While the new movement promises more humanistic and rewarding methods of testing and thus has a lot to offer, most teachers are not quite familiar with the new concepts and practices within the emerging paradigm. To enlighten the views of interested teachers, it can be a good start to answer a basic question about the so-called alternative methods of testing which may have occupied their minds. This question is concerned with the relationship of these other methods with the traditional methods normally used within classrooms. Or to put the question another way, how can we place both traditional and alternative assessment methods in perspective to get a panoramic view of both in the pieced together jigsaw of language testing? To this purpose, it seems necessary to draw on the concepts of testing, measurement and evaluation.
Evaluation, Measurement and Testing
Bachman (1990), quoting Weiss (1972) defines evaluation as “the systematic gathering of information for the purpose of making decisions”. Lynch (2001) adds the fact that this decision or judgment is to be about individuals. In this conceptualization, both authors agree that evaluation is the superordinate term in relation to both measurement and testing. Assessment is sometimes used interchangeably for evaluation. The systematic information can take many forms, but these forms are either quantitative or qualitative. This is what distinguishes measures from qualitative descriptions.

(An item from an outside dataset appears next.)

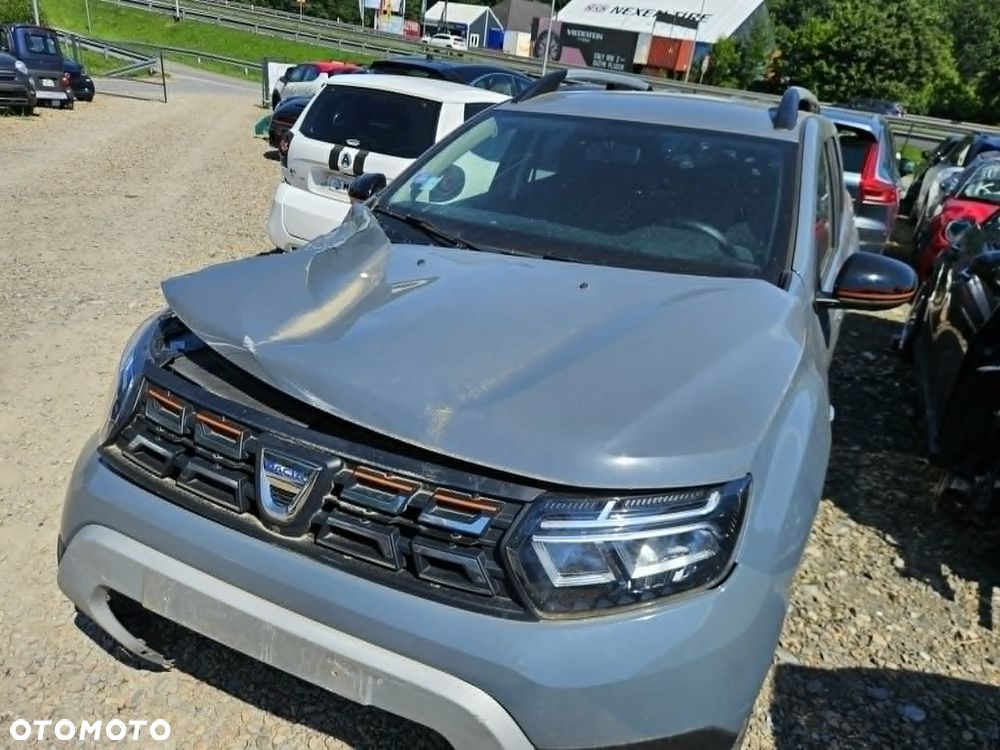 Dacia Duster TCe 150 EDC 2WD Prestige - 19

Measurement is thus concerned with quantification. Language proficiency, like many other constructs and characteristics of persons in social sciences, needs to be quantified before any judgments can be made about it. This process of quantifying is called operationalization in research by which we mean assigning numbers according to observable operations and explicit procedures or rules to measure a construct (Bachman 1990) (Ary et al. 1996)
The third component in this model is testing, which consists of the use of actual tests to elicit the desired behavior. Carroll (1968) defines a test as:
“A psychological or educational test is a procedure designed to elicit certain behavior from which one can make inferences about certain characteristics of an individual”.

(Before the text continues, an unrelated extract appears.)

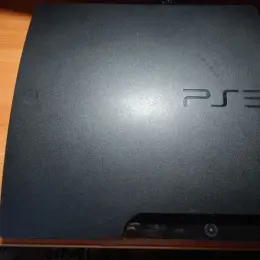 Ігрова приставка Sony PlayStation 3 Slim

Bachman (1990) observes that a test is one type of measurement instrument, and thus necessarily quantifies characteristics of individuals according to explicit procedures. Bachman (1990), then, concludes that there are other types of measurement than tests, and the difference is that a test is designed to obtain a specific sample of behavior.
For the purpose of schematic representation, the three concepts of evaluation, measurement and testing have traditionally been demonstrated in three concentric circles of varying sizes. This is what Lynch (2001) has followed in depicting the relationship among these concepts.
Figure 1- Assessment, measurement and testing adopted from Lynch (2001)
The purpose of this representation is to show the relationship between superordinate and subordinate concepts and the area of overlap between them. Thus, evaluation includes measurement when decisions are made on the basis of information from quantitative methods. And measurement includes testing when decision-making is done through the use of “a specific sample of behavior” (Bachman 1990). However, the process of decision-making is by no means restricted to the use of quantitative methods as the area not covered by measurement circle shows. Also, tests are not the only means to measure individuals’ characteristics as there are other types of measurement than tests, for example, measuring an individual’s language proficiency by living with him for a long time.
Bachman (1990) has represented the relationship in a somewhat different way. The goal has been to extend the model to include not only language testing but also language teaching, language learning and language research domains. Figure 2 depicts this extended view of the relationship among evaluation, measurement and testing. The areas numbered from 1 to 5 show the various forms of this relationship.
Figure 2- Assessment, measurement and testing adopted from Bachman (1990)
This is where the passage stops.